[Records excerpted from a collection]

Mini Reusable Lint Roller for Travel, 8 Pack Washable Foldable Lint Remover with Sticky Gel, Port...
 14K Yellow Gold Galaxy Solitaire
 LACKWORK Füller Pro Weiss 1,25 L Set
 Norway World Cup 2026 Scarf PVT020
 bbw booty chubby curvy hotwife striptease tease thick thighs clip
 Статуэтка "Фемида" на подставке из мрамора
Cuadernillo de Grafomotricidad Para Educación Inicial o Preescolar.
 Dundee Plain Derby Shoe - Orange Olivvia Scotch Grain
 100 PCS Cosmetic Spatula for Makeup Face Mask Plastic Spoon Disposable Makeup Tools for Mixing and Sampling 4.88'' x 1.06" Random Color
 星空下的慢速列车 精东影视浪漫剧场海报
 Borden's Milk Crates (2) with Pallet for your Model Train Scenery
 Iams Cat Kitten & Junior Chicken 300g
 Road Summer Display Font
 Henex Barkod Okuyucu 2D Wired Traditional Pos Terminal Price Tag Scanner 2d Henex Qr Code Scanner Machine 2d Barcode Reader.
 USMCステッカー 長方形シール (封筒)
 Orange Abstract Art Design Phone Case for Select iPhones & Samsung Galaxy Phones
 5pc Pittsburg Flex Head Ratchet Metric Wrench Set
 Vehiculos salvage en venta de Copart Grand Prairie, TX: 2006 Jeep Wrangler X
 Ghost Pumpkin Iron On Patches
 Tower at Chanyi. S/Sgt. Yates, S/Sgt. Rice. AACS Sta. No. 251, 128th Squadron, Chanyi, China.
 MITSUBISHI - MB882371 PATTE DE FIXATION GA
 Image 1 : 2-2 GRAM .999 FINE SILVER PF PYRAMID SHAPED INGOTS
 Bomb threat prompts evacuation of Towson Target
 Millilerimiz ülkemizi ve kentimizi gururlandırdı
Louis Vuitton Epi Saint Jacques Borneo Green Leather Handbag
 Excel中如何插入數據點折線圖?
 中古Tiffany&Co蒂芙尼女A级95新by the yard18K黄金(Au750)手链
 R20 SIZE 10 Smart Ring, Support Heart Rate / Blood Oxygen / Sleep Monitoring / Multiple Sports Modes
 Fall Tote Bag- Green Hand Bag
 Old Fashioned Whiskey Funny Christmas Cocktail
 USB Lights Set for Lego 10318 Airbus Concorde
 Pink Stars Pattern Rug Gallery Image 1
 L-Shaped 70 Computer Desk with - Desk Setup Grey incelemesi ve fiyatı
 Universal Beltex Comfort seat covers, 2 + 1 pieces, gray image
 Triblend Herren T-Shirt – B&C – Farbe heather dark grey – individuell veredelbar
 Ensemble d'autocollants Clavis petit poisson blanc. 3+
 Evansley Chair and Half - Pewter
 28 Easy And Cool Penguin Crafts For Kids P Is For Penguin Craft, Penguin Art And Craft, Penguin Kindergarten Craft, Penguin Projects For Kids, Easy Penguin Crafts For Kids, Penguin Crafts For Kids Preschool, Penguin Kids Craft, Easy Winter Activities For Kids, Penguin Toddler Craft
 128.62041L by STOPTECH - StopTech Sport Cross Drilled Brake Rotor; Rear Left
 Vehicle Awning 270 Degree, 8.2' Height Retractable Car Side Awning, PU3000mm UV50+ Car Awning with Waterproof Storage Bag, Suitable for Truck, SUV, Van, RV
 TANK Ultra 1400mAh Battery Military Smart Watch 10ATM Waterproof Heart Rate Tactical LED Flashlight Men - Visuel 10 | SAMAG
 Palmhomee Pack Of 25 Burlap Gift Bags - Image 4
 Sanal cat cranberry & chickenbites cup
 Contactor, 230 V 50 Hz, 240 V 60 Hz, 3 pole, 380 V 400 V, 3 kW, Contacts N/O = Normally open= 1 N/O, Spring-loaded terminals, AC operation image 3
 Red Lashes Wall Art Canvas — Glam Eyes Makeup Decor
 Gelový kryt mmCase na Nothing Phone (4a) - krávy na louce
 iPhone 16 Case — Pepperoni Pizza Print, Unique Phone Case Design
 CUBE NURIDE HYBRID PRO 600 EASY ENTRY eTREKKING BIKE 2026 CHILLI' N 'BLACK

• _Requirement_
All of the lines above are to be restated word for word.

• _Answer to this task_
Mini Reusable Lint Roller for Travel, 8 Pack Washable Foldable Lint Remover with Sticky Gel, Port...
 14K Yellow Gold Galaxy Solitaire
 LACKWORK Füller Pro Weiss 1,25 L Set
 Norway World Cup 2026 Scarf PVT020
 bbw booty chubby curvy hotwife striptease tease thick thighs clip
 Статуэтка "Фемида" на подставке из мрамора
Cuadernillo de Grafomotricidad Para Educación Inicial o Preescolar.
 Dundee Plain Derby Shoe - Orange Olivvia Scotch Grain
 100 PCS Cosmetic Spatula for Makeup Face Mask Plastic Spoon Disposable Makeup Tools for Mixing and Sampling 4.88'' x 1.06" Random Color
 星空下的慢速列车 精东影视浪漫剧场海报
 Borden's Milk Crates (2) with Pallet for your Model Train Scenery
 Iams Cat Kitten & Junior Chicken 300g
 Road Summer Display Font
 Henex Barkod Okuyucu 2D Wired Traditional Pos Terminal Price Tag Scanner 2d Henex Qr Code Scanner Machine 2d Barcode Reader.
 USMCステッカー 長方形シール (封筒)
 Orange Abstract Art Design Phone Case for Select iPhones & Samsung Galaxy Phones
 5pc Pittsburg Flex Head Ratchet Metric Wrench Set
 Vehiculos salvage en venta de Copart Grand Prairie, TX: 2006 Jeep Wrangler X
 Ghost Pumpkin Iron On Patches
 Tower at Chanyi. S/Sgt. Yates, S/Sgt. Rice. AACS Sta. No. 251, 128th Squadron, Chanyi, China.
 MITSUBISHI - MB882371 PATTE DE FIXATION GA
 Image 1 : 2-2 GRAM .999 FINE SILVER PF PYRAMID SHAPED INGOTS
 Bomb threat prompts evacuation of Towson Target
 Millilerimiz ülkemizi ve kentimizi gururlandırdı
Louis Vuitton Epi Saint Jacques Borneo Green Leather Handbag
 Excel中如何插入數據點折線圖?
 中古Tiffany&Co蒂芙尼女A级95新by the yard18K黄金(Au750)手链
 R20 SIZE 10 Smart Ring, Support Heart Rate / Blood Oxygen / Sleep Monitoring / Multiple Sports Modes
 Fall Tote Bag- Green Hand Bag
 Old Fashioned Whiskey Funny Christmas Cocktail
 USB Lights Set for Lego 10318 Airbus Concorde
 Pink Stars Pattern Rug Gallery Image 1
 L-Shaped 70 Computer Desk with - Desk Setup Grey incelemesi ve fiyatı
 Universal Beltex Comfort seat covers, 2 + 1 pieces, gray image
 Triblend Herren T-Shirt – B&C – Farbe heather dark grey – individuell veredelbar
 Ensemble d'autocollants Clavis petit poisson blanc. 3+
 Evansley Chair and Half - Pewter
 28 Easy And Cool Penguin Crafts For Kids P Is For Penguin Craft, Penguin Art And Craft, Penguin Kindergarten Craft, Penguin Projects For Kids, Easy Penguin Crafts For Kids, Penguin Crafts For Kids Preschool, Penguin Kids Craft, Easy Winter Activities For Kids, Penguin Toddler Craft
 128.62041L by STOPTECH - StopTech Sport Cross Drilled Brake Rotor; Rear Left
 Vehicle Awning 270 Degree, 8.2' Height Retractable Car Side Awning, PU3000mm UV50+ Car Awning with Waterproof Storage Bag, Suitable for Truck, SUV, Van, RV
 TANK Ultra 1400mAh Battery Military Smart Watch 10ATM Waterproof Heart Rate Tactical LED Flashlight Men - Visuel 10 | SAMAG
 Palmhomee Pack Of 25 Burlap Gift Bags - Image 4
 Sanal cat cranberry & chickenbites cup
 Contactor, 230 V 50 Hz, 240 V 60 Hz, 3 pole, 380 V 400 V, 3 kW, Contacts N/O = Normally open= 1 N/O, Spring-loaded terminals, AC operation image 3
 Red Lashes Wall Art Canvas — Glam Eyes Makeup Decor
 Gelový kryt mmCase na Nothing Phone (4a) - krávy na louce
 iPhone 16 Case — Pepperoni Pizza Print, Unique Phone Case Design
 CUBE NURIDE HYBRID PRO 600 EASY ENTRY eTREKKING BIKE 2026 CHILLI' N 'BLACK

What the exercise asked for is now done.